Exercise directions:
Images are to be excluded from the copy, and the records below reproduced word for word.

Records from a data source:
|---|
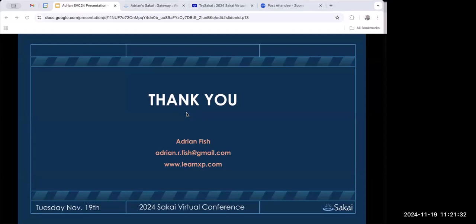There may be more questions — feel free to post in the course discussions and we can try to get Adrian back for one of our teaching and learning calls for more discussion. We're going to take a short break until 11:30, when Dr. Chuck will present on big changes in LTI. See you in about eight minutes.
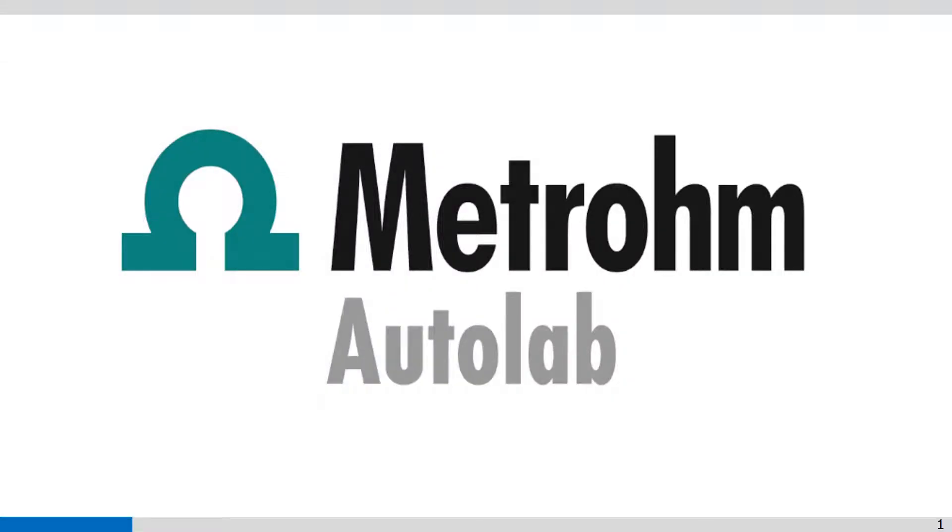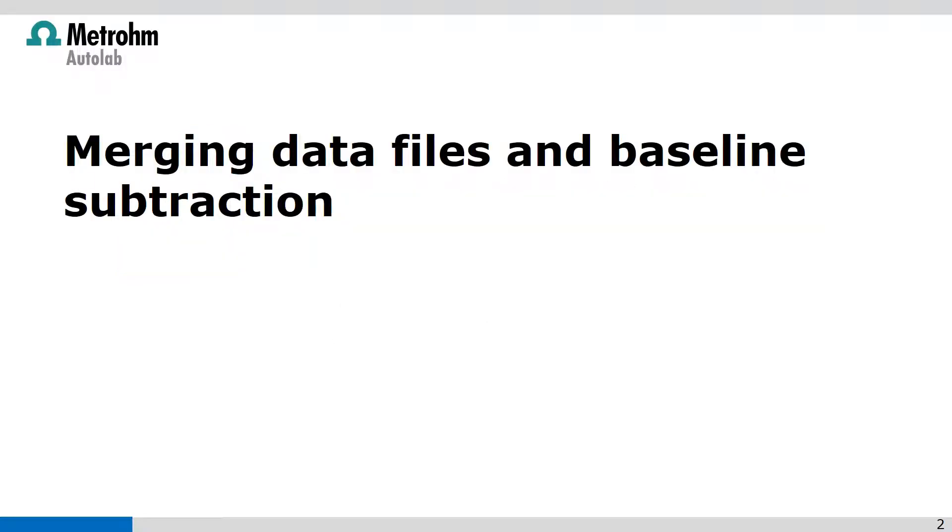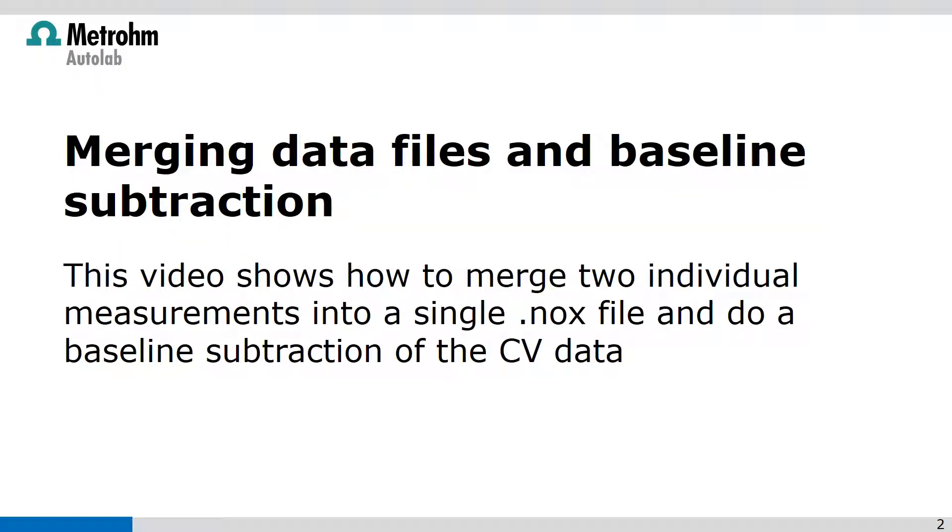Welcome to NOVA videos. In this video, I'm going to show you how to merge two individual measurements into a single NOx file and do a baseline subtraction of the CV data.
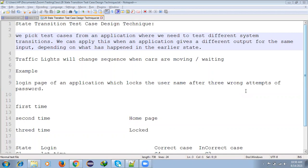We pick test cases from an application where we need to test different system transitions. We can also apply this when an application gives a different output from the same input, depending on what happened in the earlier statement.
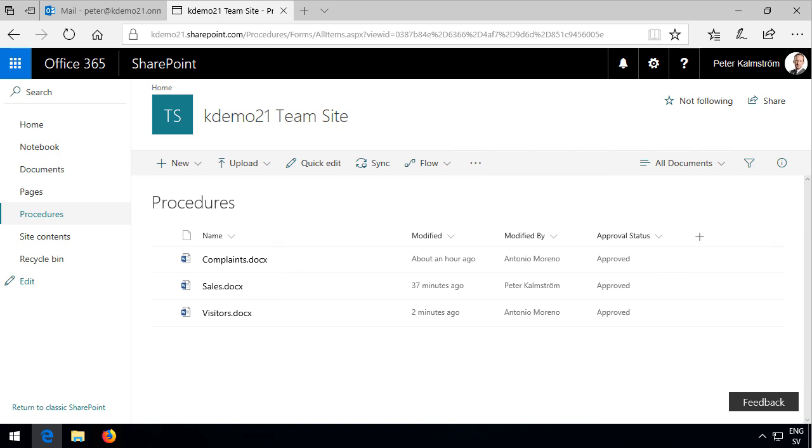Hi, I'm Peter Kalmstrom of kalmstrom.com business solutions. In this demonstration I will show you how to create a flow that notifies the approver that there is a new document to approve.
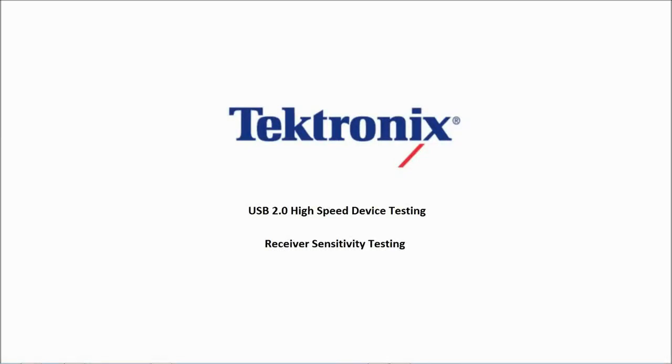Hello, in this final video we will be covering how to perform the receiver sensitivity test portion of compliance testing for USB 2.0 high speed devices.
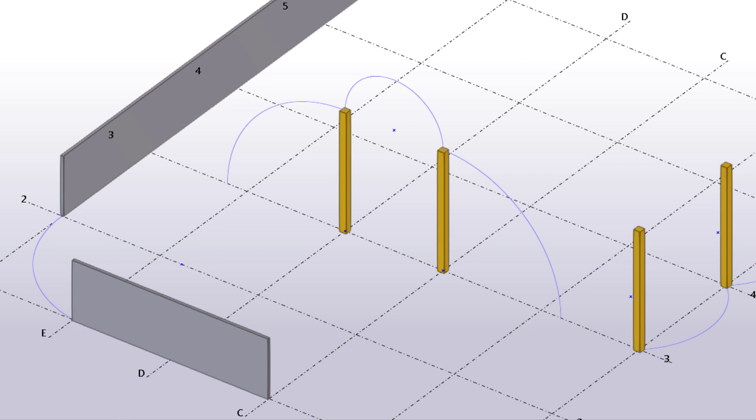Construction arcs are transparent modeling aids that you can place in the model to help position other objects more easily. They are not shown or printed in drawings. Construction arcs are also needed when you create lofted objects to define the shape of the lofted plate or slab.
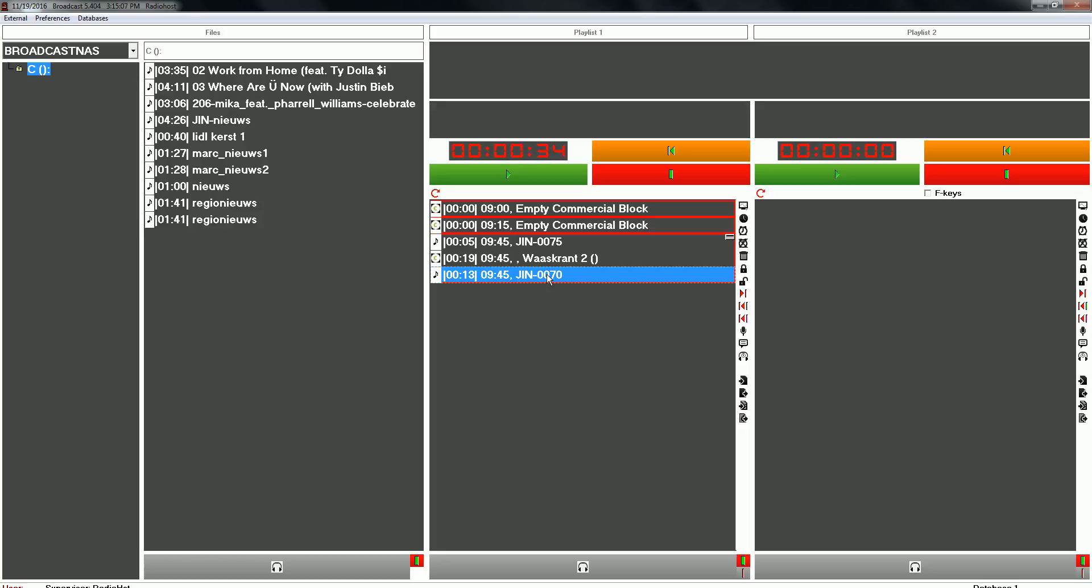This was a short explanation how to schedule commercials with EasySpot. If you have some questions, don't hesitate to send us an email to support at radiohost.com. Thank you for watching.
|---|
Response to the exercise:
There may be more questions — feel free to post in the course discussions and we can try to get Adrian back for one of our teaching and learning calls for more discussion. We're going to take a short break until 11:30, when Dr. Chuck will present on big changes in LTI. See you in about eight minutes.
Welcome to NOVA videos. In this video, I'm going to show you how to merge two individual measurements into a single NOx file and do a baseline subtraction of the CV data.
We pick test cases from an application where we need to test different system transitions. We can also apply this when an application gives a different output from the same input, depending on what happened in the earlier statement.
Hi, I'm Peter Kalmstrom of kalmstrom.com business solutions. In this demonstration I will show you how to create a flow that notifies the approver that there is a new document to approve.
Hello, in this final video we will be covering how to perform the receiver sensitivity test portion of compliance testing for USB 2.0 high speed devices.
Construction arcs are transparent modeling aids that you can place in the model to help position other objects more easily. They are not shown or printed in drawings. Construction arcs are also needed when you create lofted objects to define the shape of the lofted plate or slab.
This was a short explanation how to schedule commercials with EasySpot. If you have some questions, don't hesitate to send us an email to support at radiohost.com. Thank you for watching.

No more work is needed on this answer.